UNITED STATES 1, LATVIA 0
So the U.S. concluded its final World Cup tune-ups with a lackluster 1-0 loss to Morocco and shutout wins over Venezuela and Latvia, four years after it prepared for another World Cup with victories over Uruguay (2-1) and Jamaica (5-0) and a loss to Holland (2-0). The Americans got through this latest World Cup send-off with a knockout injury to center back Cory Gibbs and a minor injury to captain Claudio Reyna. It could have been worse.
Still, the Latvia game closed this chapter on an unsettling note. It wasn't that the Americans squandered several chances and scored just once, but rather it was the sight of the U.S. defense protecting a one-goal lead for a long stretch and not looking steady in doing so. Can the U.S. possible beat the Czech Republic, Italy or Ghana by scoring once just before halftime and holding on for the next 47 minutes?

ABC/ESPN GETS UNINSPIRED FOR THE WORLD CUP
Look for ABC/ESPN/ESPN2 to set ratings records for its coverage of the 2006 World Cup. This isn't France '98, when the USA's not-unexpected first-round elimination helped drag down the TV numbers. This also isn't Korea/Japan '02, when the USA's strong run was lost in a fog of middle-of-the-night kickoff times.

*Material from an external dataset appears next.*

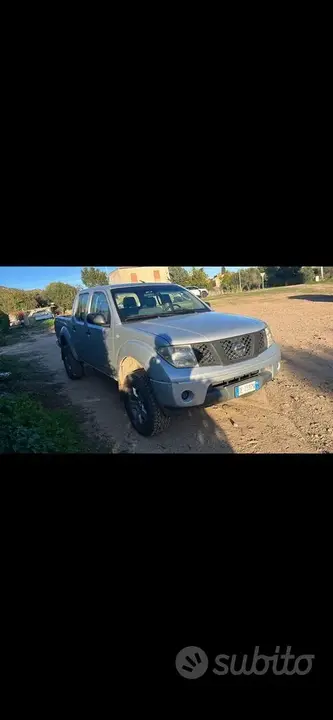 Nissan Navara 2006 photo 4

Matches will be aired live in the U.S. in early/late morning and late morning/early afternoon, depending on your time zone; the performance of the U.S. team, should it play well, isn't going to come as a shock; and, thanks to U.S. appearances in each of the last four World Cups, a generation of casual American soccer fans is ready to watch.
So it came as a disappointment when ABC/ESPN on March 14 announced that its top play-by-play man for Germany '06 will be Dave O'Brien, who will be paired with former U.S. defender Marcelo Balboa. ABC/ESPN could have taken the bold route and come up with a more entertaining or provocative duo, but it did not.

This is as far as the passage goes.